§ Work item: Exact copy without images: repeat every entry as written.

§ Image-text web data:
---------------

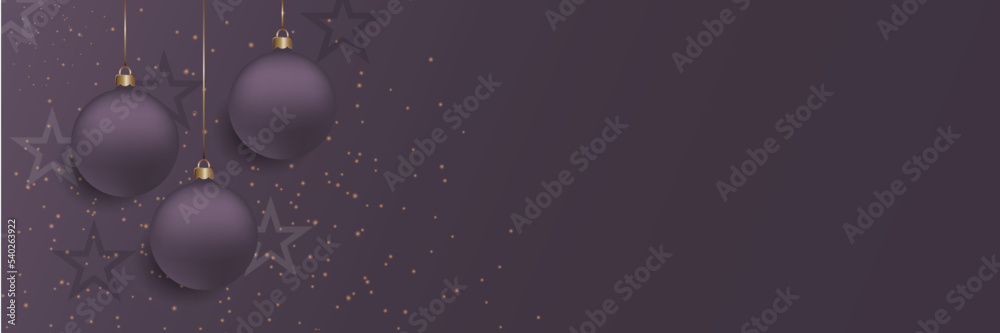 Christmas and New Year design. 3D rendering of realistic Christmas balls and decorative golden glitters and stars hanging on gold chains.. Elegant festive vector banner Christmas and New Year design. 3D rendering of realistic Christmas balls and decorative golden glitters and stars hanging on gold chains.. Elegant festive vector banner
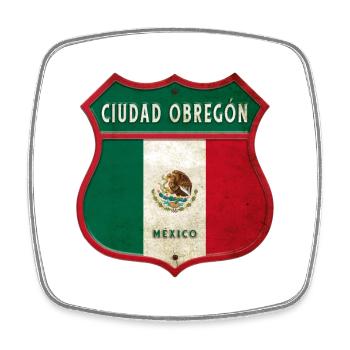 Écusson Ciudad Obregon Mexico - Magnet carré - blanc - Devant
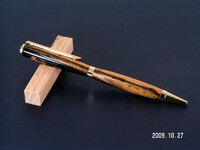 Slimline Cobalt  Gold Twist Pen - Unknown Wood.jpg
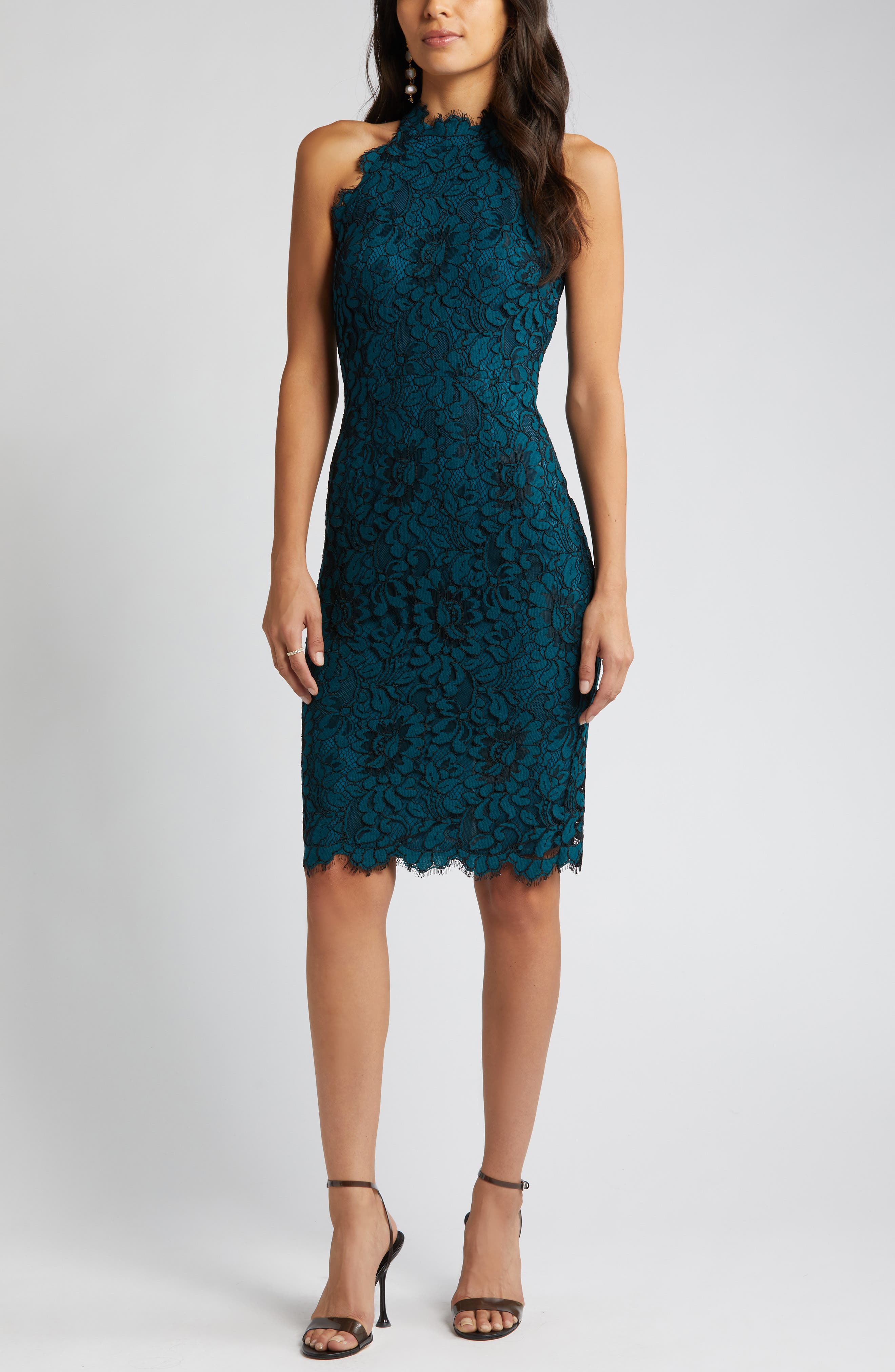 Eliza J Mock Neck Lace Sheath Dress in Teal | Smart Closet Eliza J Mock Neck Lace Sheath Dress in Teal | Smart Closet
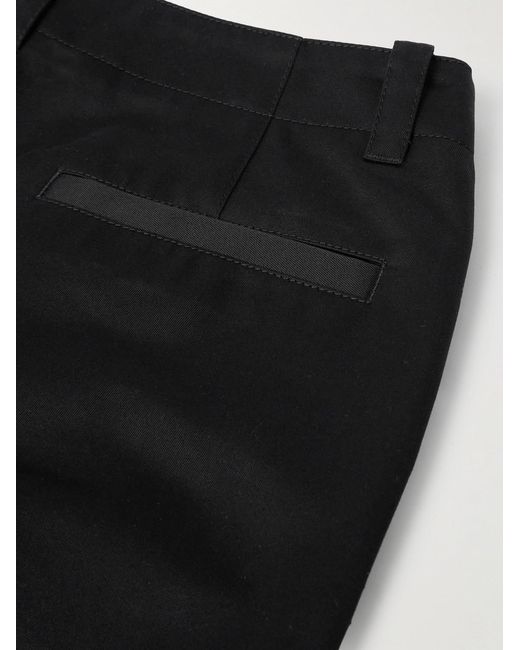 Versace Black Straight-Leg Embellished Cotton-Gabardine Trousers for men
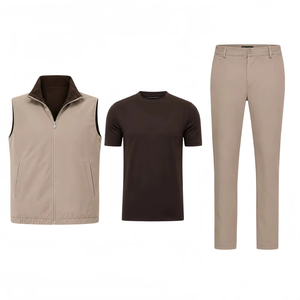 Gilet matelassé léger réversible pour homme, sans manches, zippé, décontracté, imperméable, couche softshell pour l'automne et l'hiver - Product Image 3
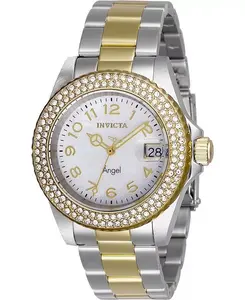 Женские кварцевые часы Angel 28675 с тремя стрелками и белым циферблатом Invicta, gold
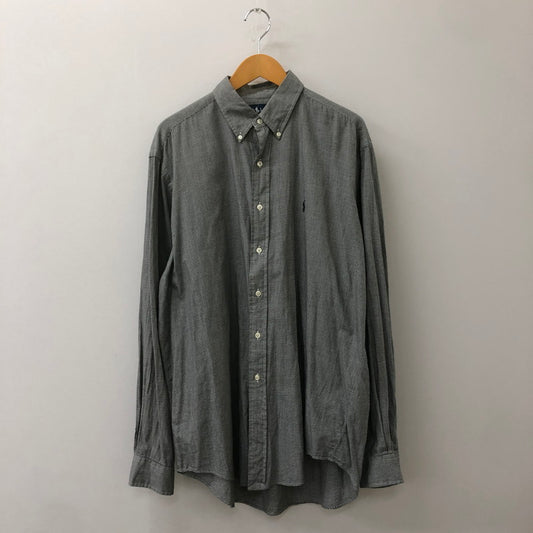 【中古品】【メンズ】 RALPH LAUREN ラルフローレン 90's L/S HOUNDSTOOTH B.D SHIRT 90年代 ロングスリーブ 千鳥格子 ボタンダウンシャツ 長袖 トップス 147-250306-kk-42-tei サイズ：16.5 カラー：グレー 万代Net店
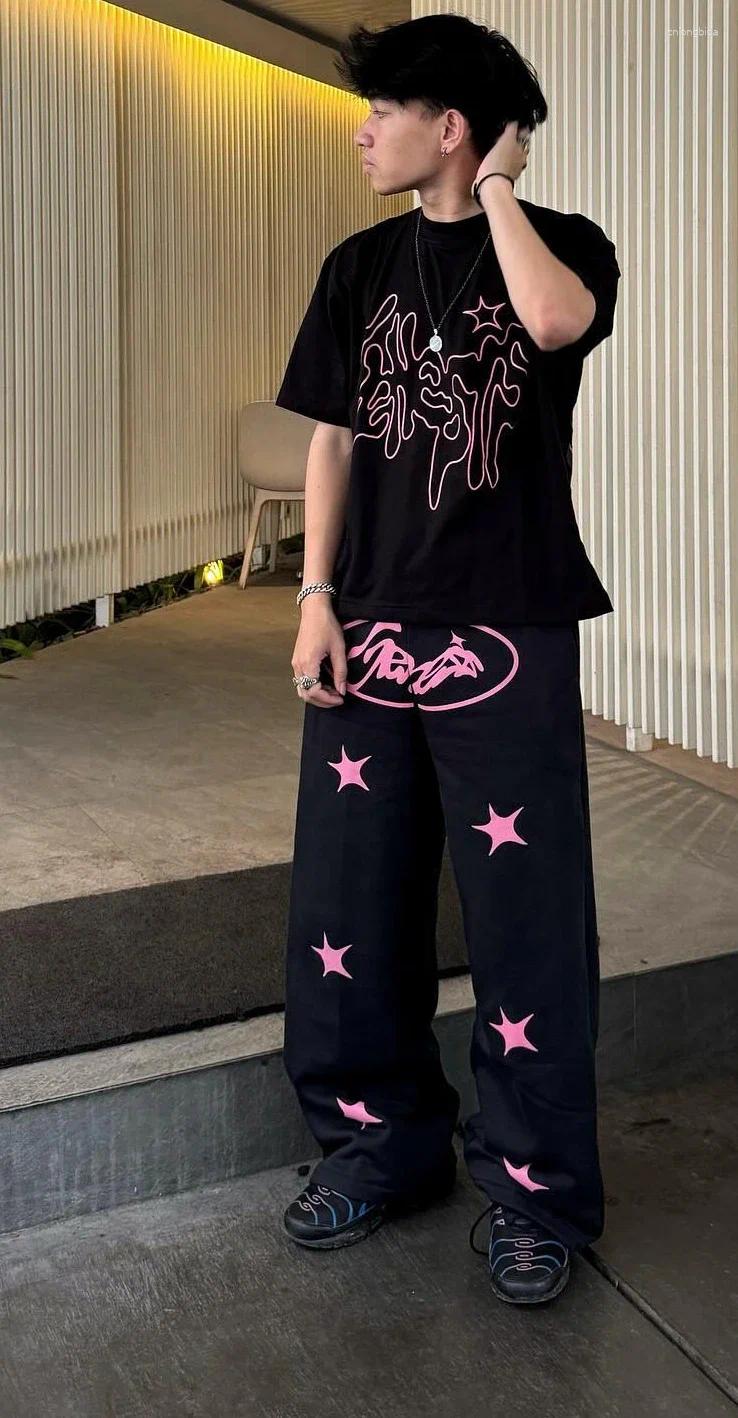 T Shirt Short Set - Men's Casual Two-Piece Set: Retro Letter Print, Loose Fit, High Street Style, Niche Design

---------------

§ Solution:
 Christmas and New Year design. 3D rendering of realistic Christmas balls and decorative golden glitters and stars hanging on gold chains.. Elegant festive vector banner Christmas and New Year design. 3D rendering of realistic Christmas balls and decorative golden glitters and stars hanging on gold chains.. Elegant festive vector banner
 Écusson Ciudad Obregon Mexico - Magnet carré - blanc - Devant
 Slimline Cobalt  Gold Twist Pen - Unknown Wood.jpg
 Eliza J Mock Neck Lace Sheath Dress in Teal | Smart Closet Eliza J Mock Neck Lace Sheath Dress in Teal | Smart Closet
 Versace Black Straight-Leg Embellished Cotton-Gabardine Trousers for men
 Gilet matelassé léger réversible pour homme, sans manches, zippé, décontracté, imperméable, couche softshell pour l'automne et l'hiver - Product Image 3
 Женские кварцевые часы Angel 28675 с тремя стрелками и белым циферблатом Invicta, gold
 【中古品】【メンズ】 RALPH LAUREN ラルフローレン 90's L/S HOUNDSTOOTH B.D SHIRT 90年代 ロングスリーブ 千鳥格子 ボタンダウンシャツ 長袖 トップス 147-250306-kk-42-tei サイズ：16.5 カラー：グレー 万代Net店
 T Shirt Short Set - Men's Casual Two-Piece Set: Retro Letter Print, Loose Fit, High Street Style, Niche Design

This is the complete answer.